[Start of section]

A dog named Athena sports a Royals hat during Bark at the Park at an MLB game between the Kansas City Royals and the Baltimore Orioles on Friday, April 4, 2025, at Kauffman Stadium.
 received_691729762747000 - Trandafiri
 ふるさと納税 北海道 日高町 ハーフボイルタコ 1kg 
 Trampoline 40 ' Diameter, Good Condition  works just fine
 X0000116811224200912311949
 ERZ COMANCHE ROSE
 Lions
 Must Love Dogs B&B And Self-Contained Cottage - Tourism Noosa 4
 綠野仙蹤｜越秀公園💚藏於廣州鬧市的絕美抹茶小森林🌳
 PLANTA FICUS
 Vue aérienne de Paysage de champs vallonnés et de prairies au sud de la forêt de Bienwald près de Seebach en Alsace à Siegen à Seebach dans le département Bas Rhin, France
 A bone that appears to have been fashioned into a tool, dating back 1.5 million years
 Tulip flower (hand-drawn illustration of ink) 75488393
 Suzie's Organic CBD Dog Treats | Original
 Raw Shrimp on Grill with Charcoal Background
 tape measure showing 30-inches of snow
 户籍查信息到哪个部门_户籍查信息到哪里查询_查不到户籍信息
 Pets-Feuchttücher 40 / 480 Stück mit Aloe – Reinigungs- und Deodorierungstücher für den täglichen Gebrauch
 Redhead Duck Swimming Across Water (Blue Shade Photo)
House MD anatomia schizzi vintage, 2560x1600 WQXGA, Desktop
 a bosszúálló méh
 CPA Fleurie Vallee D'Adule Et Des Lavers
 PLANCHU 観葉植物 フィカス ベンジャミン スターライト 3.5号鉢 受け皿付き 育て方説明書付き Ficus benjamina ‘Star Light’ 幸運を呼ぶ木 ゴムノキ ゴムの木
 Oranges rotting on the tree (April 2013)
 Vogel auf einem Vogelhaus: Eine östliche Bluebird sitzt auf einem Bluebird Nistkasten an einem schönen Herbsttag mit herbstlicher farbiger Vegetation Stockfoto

[End of section]

Exercise aim — Go through the listing and copy each line exactly.

Result —
A dog named Athena sports a Royals hat during Bark at the Park at an MLB game between the Kansas City Royals and the Baltimore Orioles on Friday, April 4, 2025, at Kauffman Stadium.
 received_691729762747000 - Trandafiri
 ふるさと納税 北海道 日高町 ハーフボイルタコ 1kg 
 Trampoline 40 ' Diameter, Good Condition  works just fine
 X0000116811224200912311949
 ERZ COMANCHE ROSE
 Lions
 Must Love Dogs B&B And Self-Contained Cottage - Tourism Noosa 4
 綠野仙蹤｜越秀公園💚藏於廣州鬧市的絕美抹茶小森林🌳
 PLANTA FICUS
 Vue aérienne de Paysage de champs vallonnés et de prairies au sud de la forêt de Bienwald près de Seebach en Alsace à Siegen à Seebach dans le département Bas Rhin, France
 A bone that appears to have been fashioned into a tool, dating back 1.5 million years
 Tulip flower (hand-drawn illustration of ink) 75488393
 Suzie's Organic CBD Dog Treats | Original
 Raw Shrimp on Grill with Charcoal Background
 tape measure showing 30-inches of snow
 户籍查信息到哪个部门_户籍查信息到哪里查询_查不到户籍信息
 Pets-Feuchttücher 40 / 480 Stück mit Aloe – Reinigungs- und Deodorierungstücher für den täglichen Gebrauch
 Redhead Duck Swimming Across Water (Blue Shade Photo)
House MD anatomia schizzi vintage, 2560x1600 WQXGA, Desktop
 a bosszúálló méh
 CPA Fleurie Vallee D'Adule Et Des Lavers
 PLANCHU 観葉植物 フィカス ベンジャミン スターライト 3.5号鉢 受け皿付き 育て方説明書付き Ficus benjamina ‘Star Light’ 幸運を呼ぶ木 ゴムノキ ゴムの木
 Oranges rotting on the tree (April 2013)
 Vogel auf einem Vogelhaus: Eine östliche Bluebird sitzt auf einem Bluebird Nistkasten an einem schönen Herbsttag mit herbstlicher farbiger Vegetation Stockfoto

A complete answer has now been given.